Una serata che inizia come le altre precedenti: appuntamento davanti alla Sala Estense per le prove tecniche e la preparazione dei materiali da proiezione.
È’ sempre Beatrice che va a ricevere l’ospite in arrivo e fa gli onori di casa, lo accompagna all’albergo dove pernotterà e, infine, lo conduce in auto nei pressi della sala per trasportare il materiale personale da proiezione.
Questa volta c’è un po’ più roba del solito, perché saltano fuori due proiettori da diapositive (quelli di “un volta”, tanto per intenderci), i buoni e vecchi Carousel con i caricatori circolari.
Ho lavorato con un amico per dieci giorni a preparare le immagini digitali dell’attività più recente - si lamenta Sergio Martini - e alla fine ho dovuto rassegnarmi a tirare fuori questa roba e le vecchie diapositive”.

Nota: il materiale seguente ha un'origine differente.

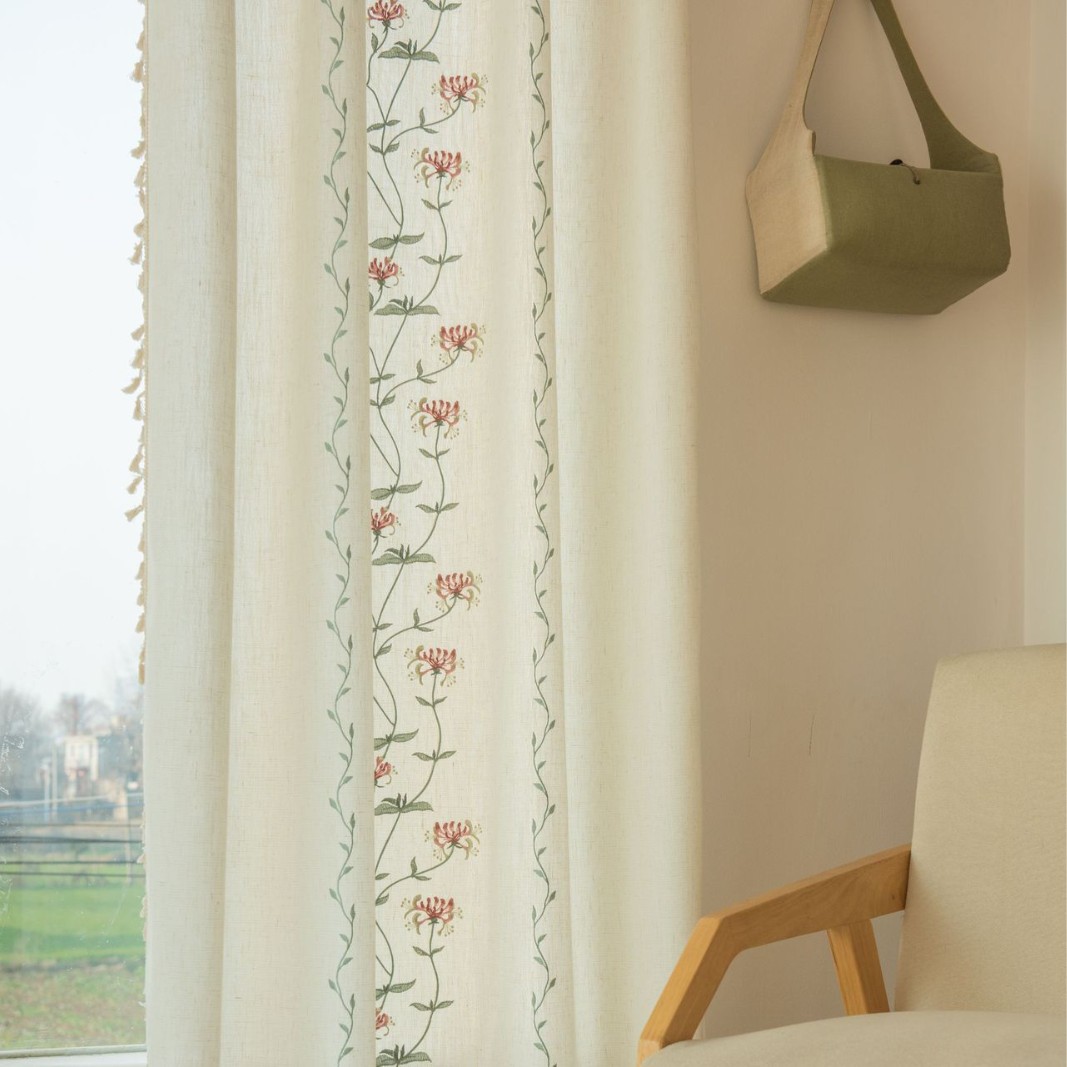 Yiman Qiyun Fabric Curtain Finished Modern Simple Semi-shading Flower Embroidered Beige Tassel Bay Window Curtain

A vederlo armeggiare si capisce che la cosa lo ha innervosito e che probabilmente ha assai più dimestichezza con la piccozza piuttosto che con le moderne tecnologie, ma alla fine i proiettori sono allineati per la dissolvenza e le cose cominciano ad andare a posto.
Arriva anche Tiziano che riuscirà ad utilizzare, con il computer, il CD che Sergio Martini ha portato con sé e nel quale ci sono le immagini di “Ritorno all’Everest” relative alla salita da lui portata a termine nel luglio di quest’anno.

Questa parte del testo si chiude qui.